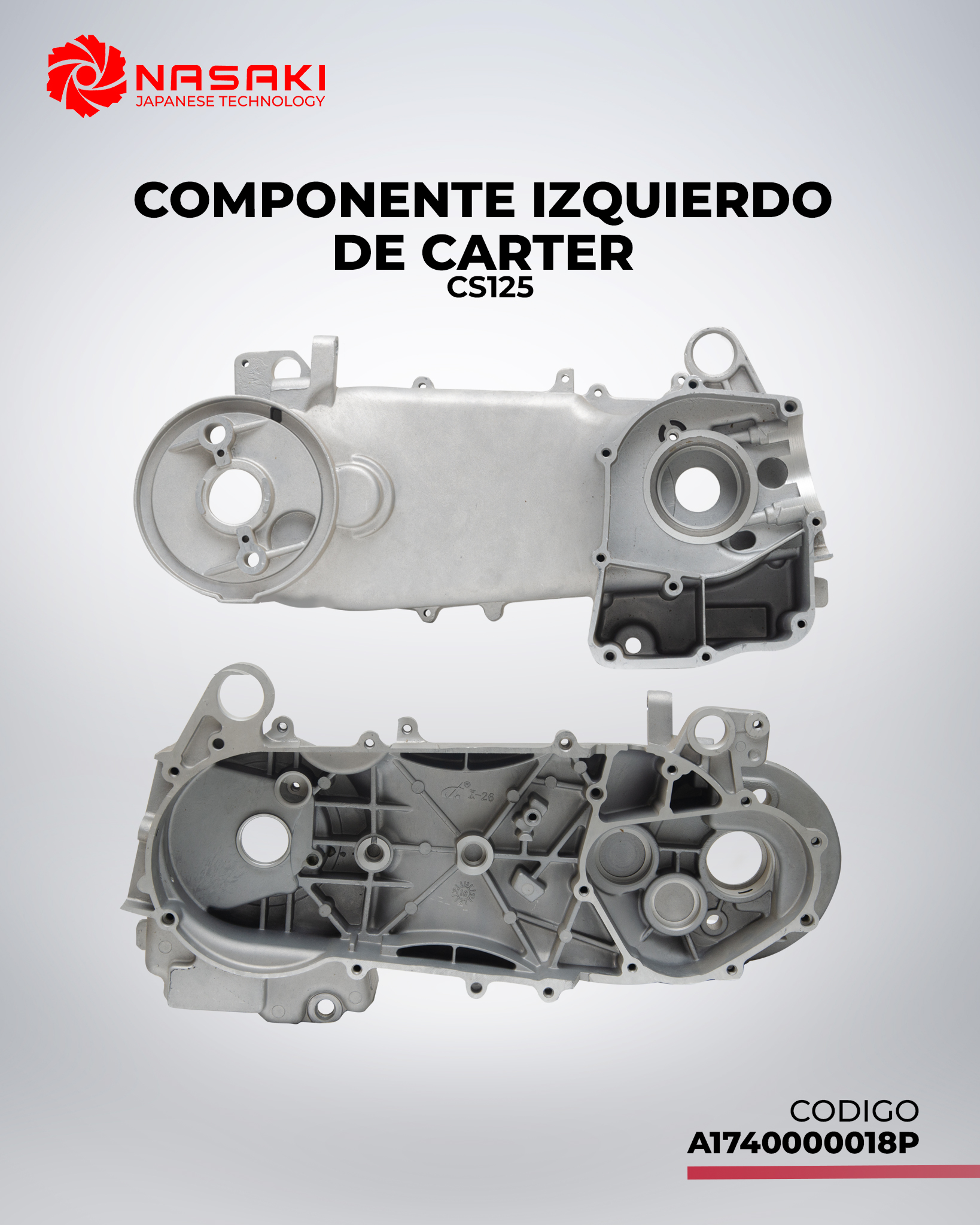 COMPONENTE IZQUIERDO DE CARTER CS125
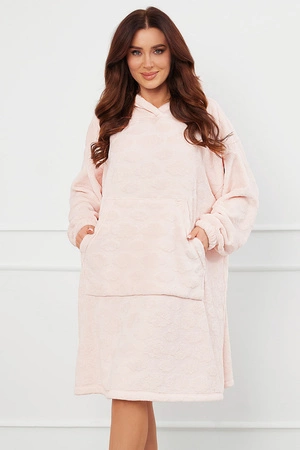 Szlafrok Italian Fashion Runa dł.r. druk/róż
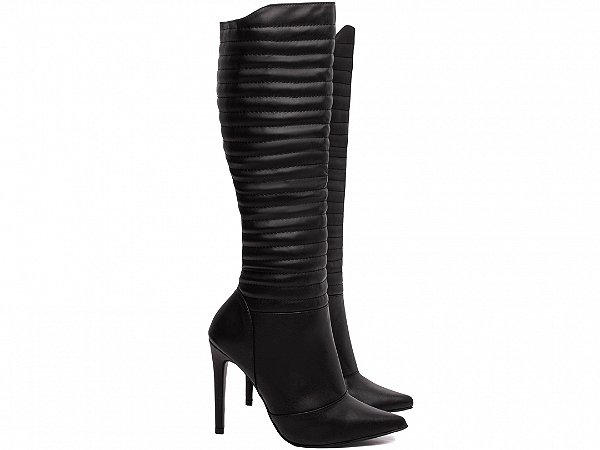Bota Feminina Cano Alto Preta Salto Fino 12 cm Matelassê Napa Torricella AVS 80005B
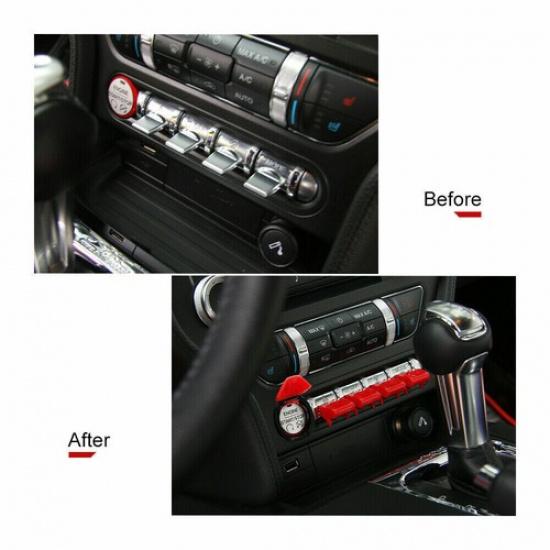Start/Stop Control Button Cover Trim 5PCS For Ford Mustang 2015- Bright Red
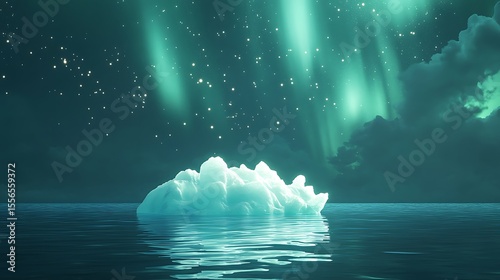 Northern lights on beautiful mountains and also showers lightly 
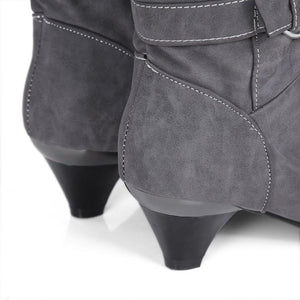 Women chunky heel buckle strap slip on mid calf boots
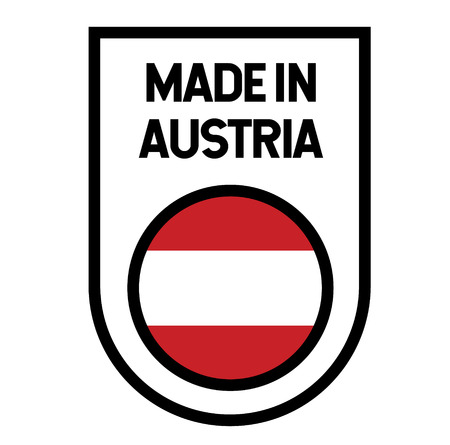 Made in Austria product label isolated on white background.のイラスト素材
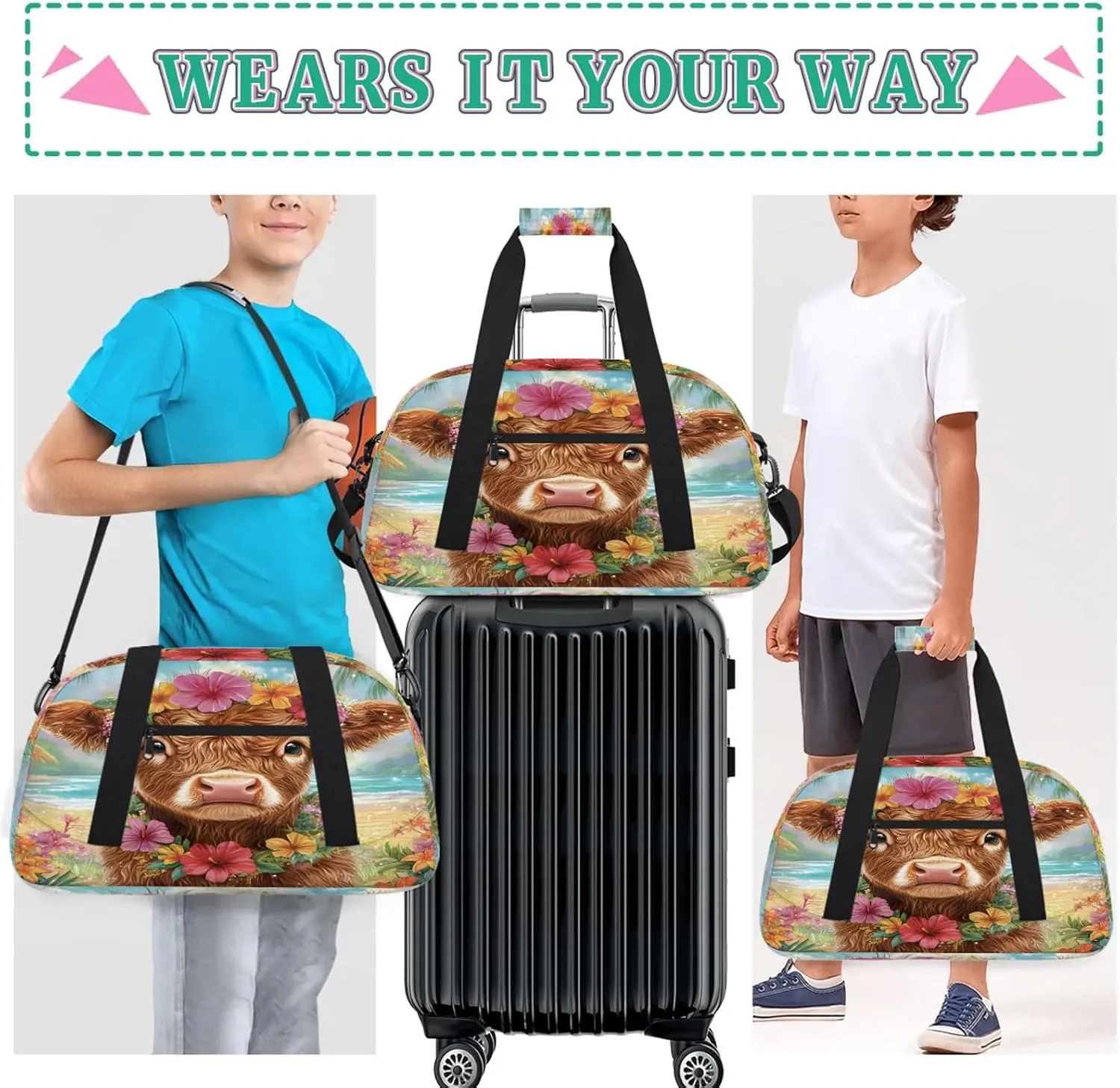 Funny Highland Cow Sports Duffle Gym Bags for Men or Women, Rustic Farmhouse Bull Animal Lightweight Carry On Overnight Weekender Bag for Travel Workout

━━━━

• [What you are asked to do] From the line containing "Northern lights on" to the final line above, both included, transcribe every line exactly and leave all pictures out.

• [Exercise answer]
 Northern lights on beautiful mountains and also showers lightly 
 Women chunky heel buckle strap slip on mid calf boots
 Made in Austria product label isolated on white background.のイラスト素材
 Funny Highland Cow Sports Duffle Gym Bags for Men or Women, Rustic Farmhouse Bull Animal Lightweight Carry On Overnight Weekender Bag for Travel Workout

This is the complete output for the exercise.